Years later he would pick May 26 out of a hat to serve and it has
been dutifully reported by biographers ever since.
He was the son of a Rabbi and Canter
and had three surviving siblings including a brother Hirsh. His father Moses immigrated to the
United States in 1891 and was able to send for his family when he found
employment at Washington, D.C.’s Talmud
Torah Synagogue in
1894.
Asa
and Hirsh became fascinated with American music and show business hanging out
on streets outside taverns and music halls.
By 1897 they were performing for spare change on the sidewalks.
In
1902 Asa launched a paying career as a singing usher in a traveling circus.
Soon after he teamed of with Hirsh and working as Al and Harry Jolson were doing specialties on the burlesque stage.
Over
the next five decades Al Jolson would perform and triumph in every possible
American show business venue—vaudeville, the Broadway stage, concerts,
records, movies, and radio. He would have conquered television as well but he died before his planned debut. In the process he revolutionized stage and
popular music by popularizing blues and jazz forms he learned as a young
touring vaudevillian in New Orleans. His charismatic performance style was the
first to “make each song an event.” And
one way or another influenced every singer who came after.
Today
he is dimly remembered in popular imagination as the star of the first sound
feature film, The Jazz Singer and for his performances in black face.

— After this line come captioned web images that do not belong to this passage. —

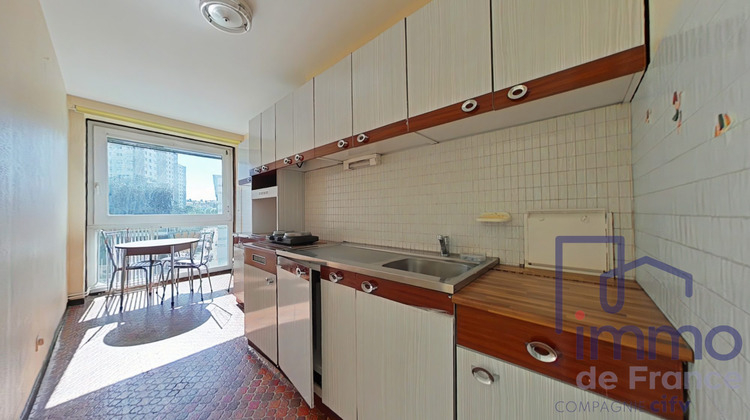 Ma-Cabane - Vente Appartement Saint-Étienne, 60 m²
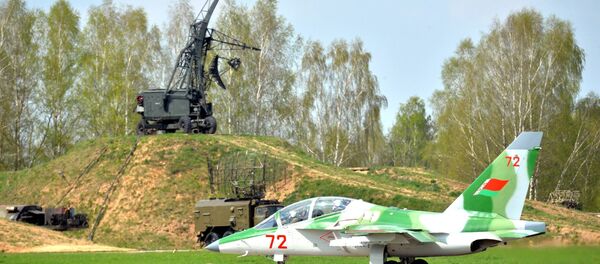 Комплекс управляемого и неуправляемого вооружения позволяет эффективно применять Як-130 в ходе обучения и при решении боевых задач - Sputnik Беларусь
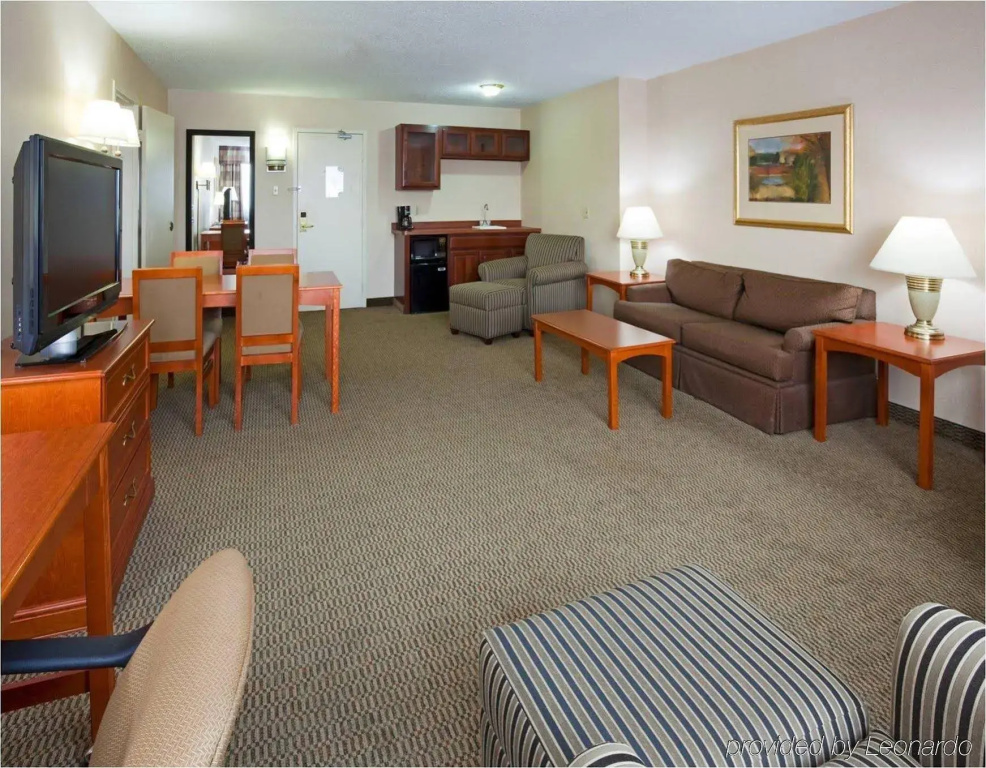 Holiday Inn Bloomington Airport South Mall Area by IHG - Général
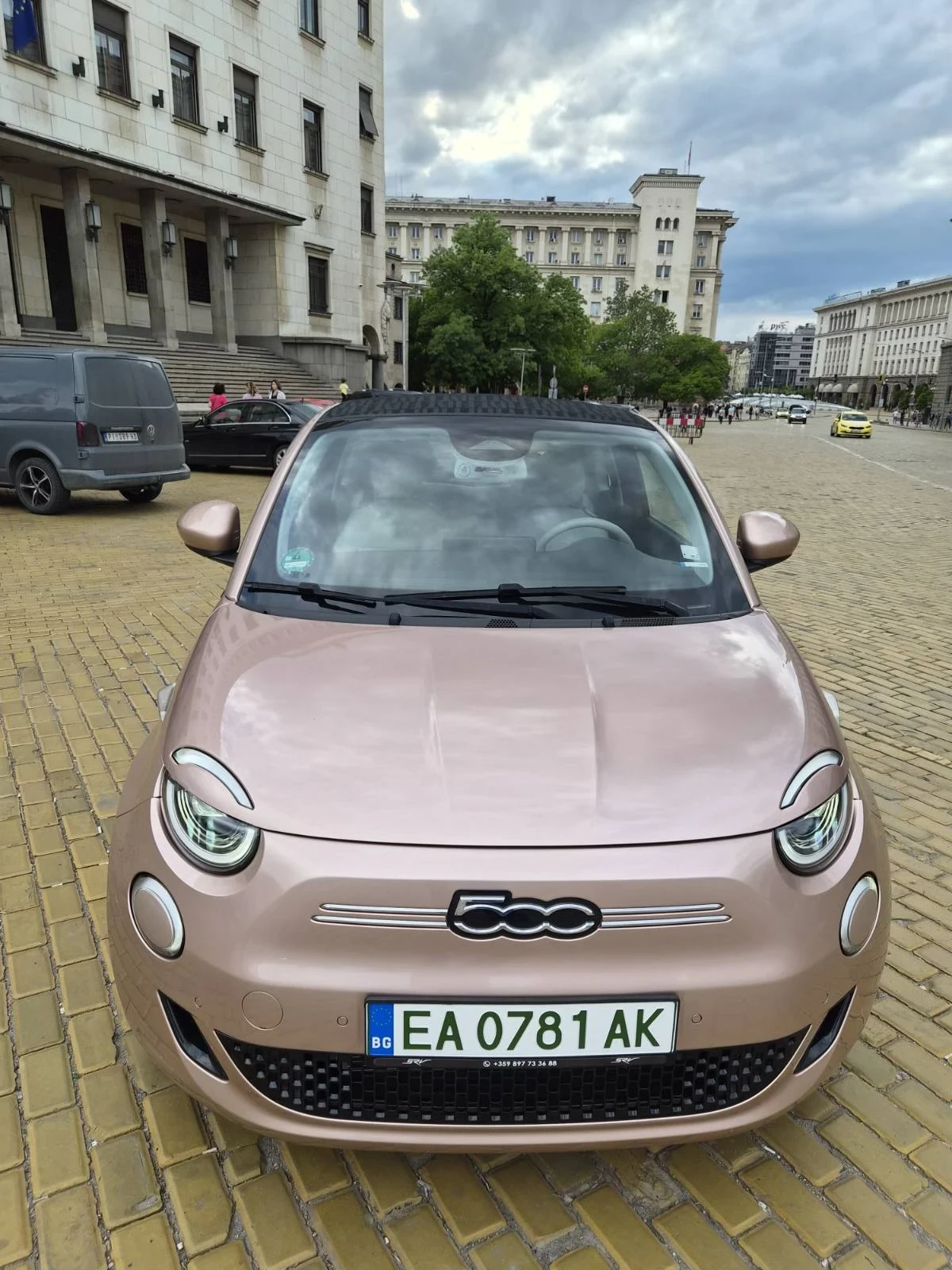 Fiat 500e Cabrio , снимка 4 - Автомобили и джипове - 53990541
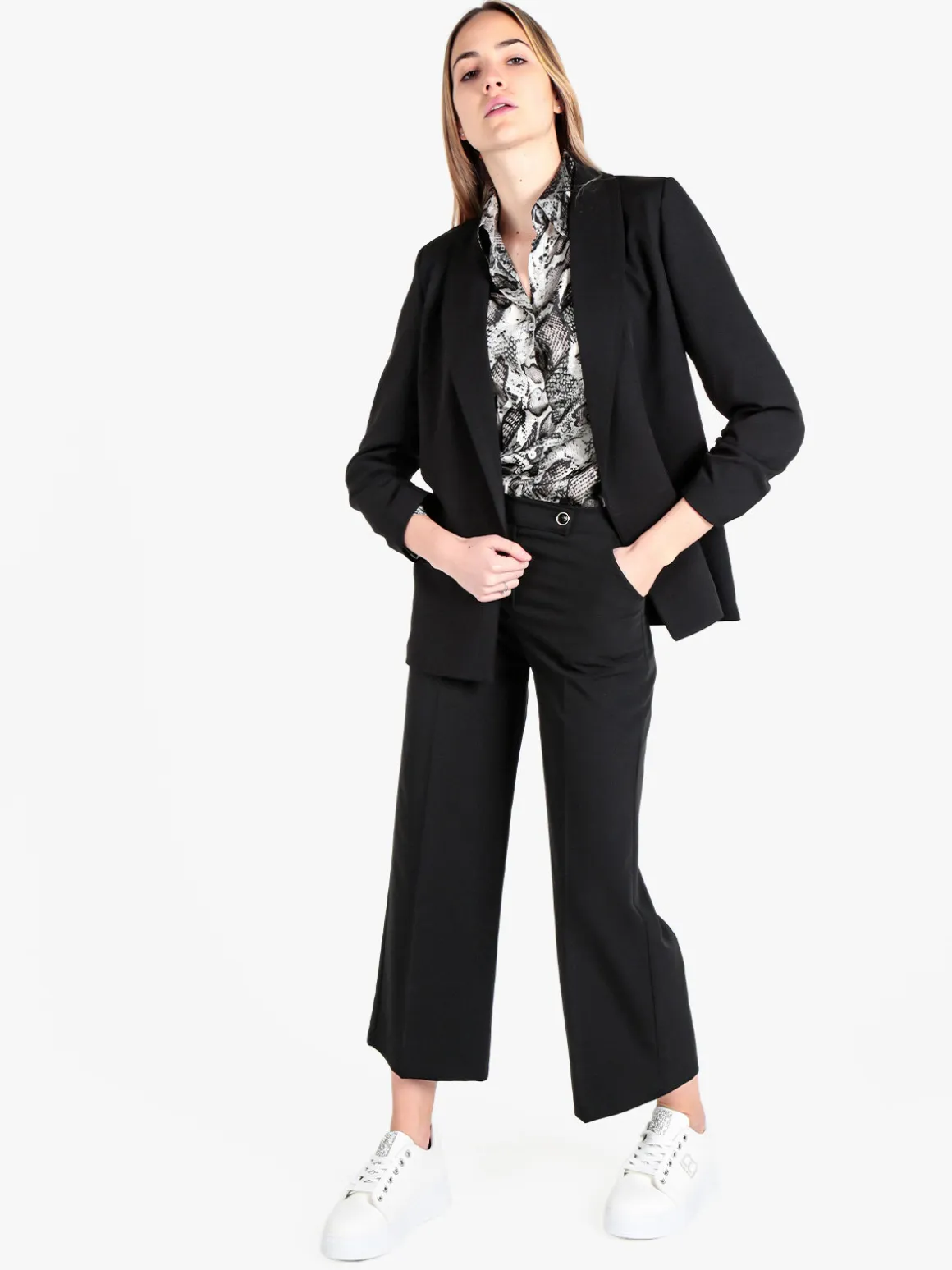 Frenetika Pantaloni da donna crop a palazzo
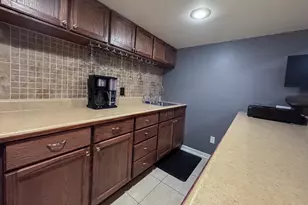 702 W Hampton Ave, Loves Park, IL 61111 - Photo 53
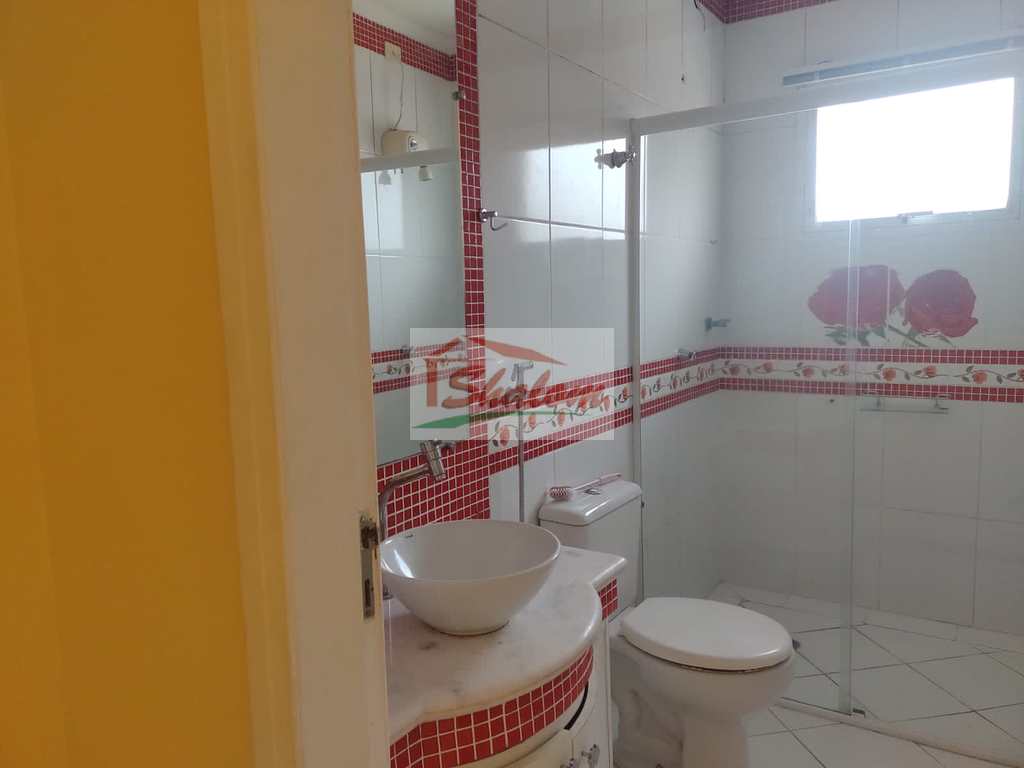 Sobrado em Caraguatatuba, no bairro Cidade Jardim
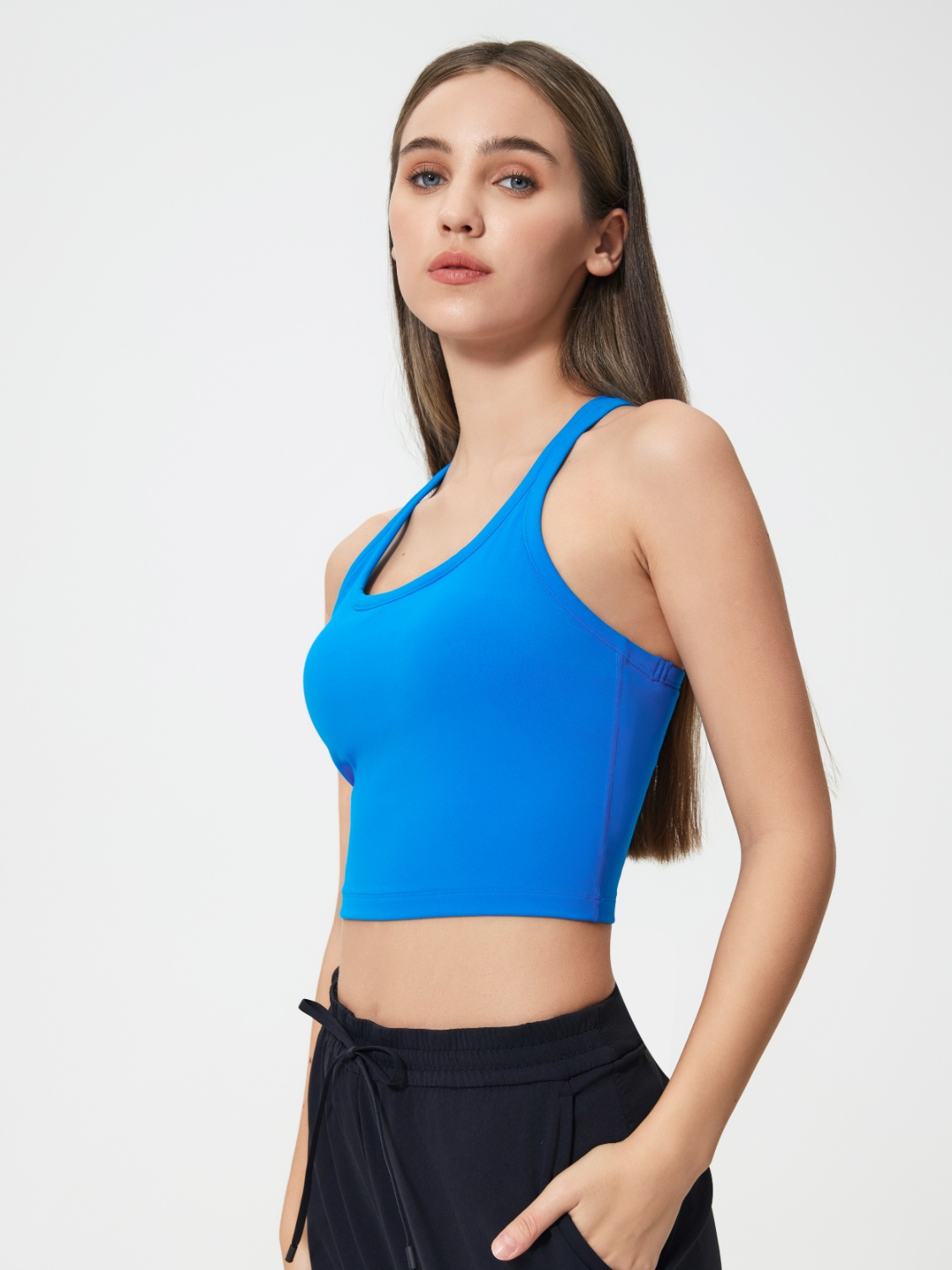 Scoop Neck Active Tank with Detachable Chest Pads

His style is dismissed as hammy and old fashion. His black face work makes him suspect as a
racist to modern sensibilities.
But
one of his closest friends from the streets of Washington as a kid who grew up
to be tap dancer Bill “Bojangles”
Robinson. He brought Black performers and featured them for
the first time on the Broadway stage. He
brought Cab Calloway to Hollywood and not only insisted on
equal billing, but got adjoining suites in Beverly
Hills penthouse hotel rooms during the filming of The Singing Kid. Eubie
Blake, with whom he never worked professionally, was one of his closest
personal friends and companion at boxing matches and racetracks. The home he shared with his then wife dancer Ruby Keeler was the only one among all
the stars were Blacks were freely welcome and entertained. His work was widely admired in the Black
community, including his black face because he never performed the usual coon stereotypes, but treated black
music with heartfelt earnestness and respect.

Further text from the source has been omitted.